ENTAH aku memandang dari sudut mana, tiba-tiba aku meyakini Jenderal Andika Perkasa, Panglima TNI, punya cara baru menghadapi mimpi buruk KKB (Kelompok Kriminal Bersenjata) di Papua. Apakah aku melihat gaya senyumnya? Postur tubuhnya? Kegagahan wajahnya? Cara bicaranya? Atau aku terpesona dengan namanya: Perkasa?

Rangkuman dari itu semua memunculkan keyakinanku yang subjektif ini. Tapi apakah dia berhasil dengan pendekatan barunya itu, tentu waktu akan menjawabnya. KKB tak mungkin lagi dipandang kriminal biasa. Mereka teroris yang sesungguhnya. Mereka “berhasil” mengeksiskan noda hitam di negeri ini.

“Kue” (baca: bantuan dan pembangunan) apa pun yang diberikan kepada mereka pasti ditolak. Mereka tak butuh “kue” lagi. Berhentilah “memanjakan” mereka dengan “kue-kue.” Rakyat Papua segelintir itu telanjur terbuai romantisme perjuangan pendahulunya yang ingin memisahkan Papua dari NKRI.

Andika Perkasa paham semua itu. Sepaham-pahamnya. Kini dia dipercaya menjadi tokoh puncak dalam komandan militer, sebagai Panglima TNI. Kebijakan memertahankan kedaulatan negara dan menjaga keutuhan NKRI, ada padanya. Ada pada pundaknya. Negara memercayakan kepada sosoknya. Kinilah waktunya, Sang Jenderal, memfokuskan jurus jitu untuk memadamkan mimpi-mimpi buruk para pembangkang itu.

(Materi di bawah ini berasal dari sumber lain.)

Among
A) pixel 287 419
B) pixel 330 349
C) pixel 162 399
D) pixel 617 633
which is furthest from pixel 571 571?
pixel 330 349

“Maaf, dinda.” Aku terkejut, kawanku di kedai kopi, tiba-tiba minta maaf.

“Mengapa Bung minta maaf.”

“Kali ini kita tidak sepaham.”

“Aku tak ngerti, Bung. Ada apa?”

“Aku tidak yakin Jenderal Andika Perkasa mampu memadamkan api teroris atau KKB yang sudah berakar di Tanah Papua, dinda.”

“Alasan, Bung?”

“Jabatan Andika sebagai Panglima TNI hanya 13 bulan. Jurus apa pun yang akan dipakai untuk membumi hanguskan teroris Papua dengan waktu pendek itu hanya sekadar mendengungkan percik heroik decak kagum sementara. Setelah itu senyap. Dan akhirnya tumbuh lagi, tumbuh lagi. Begitulah, dinda.”

“Mengapa Bung pesimis?”

“Boleh, kan?”

“Beri kesempatan Andika memerlihatkan jurus nya, khususnya dalam menumpas teroris Papua yang kian membuktikan keganasannya dengan brutal menembak mati para prajurit TNI.”

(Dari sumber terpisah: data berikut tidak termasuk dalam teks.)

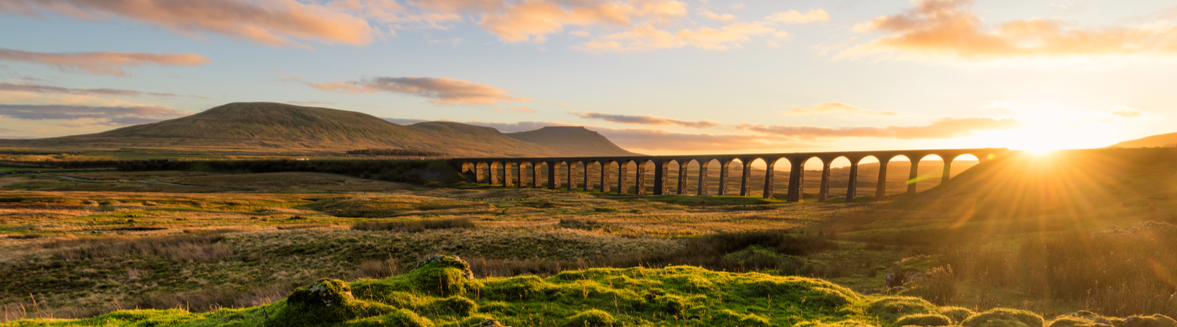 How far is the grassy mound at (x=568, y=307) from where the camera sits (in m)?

“Tentu aku berharap Andika mampu meredam nyali para pembangkang bersenjata itu, dinda. Tapi….”

“Tapi… mengapa, Bung?”

“Ya, selain soal waktu yang pendek itu, juga sudah menjadi rahasia umum pimpinan militer kita kadang tergoda rayuan dari para politikus yang menarik-nariknya masuk ke dalam kancah permainan politik praktis. Dengan begitu, jangan berharap militer dapat benar-benar fokus ke tugas pokoknya.”

“Semoga Andika Perkasa tak tergoda, Bung.”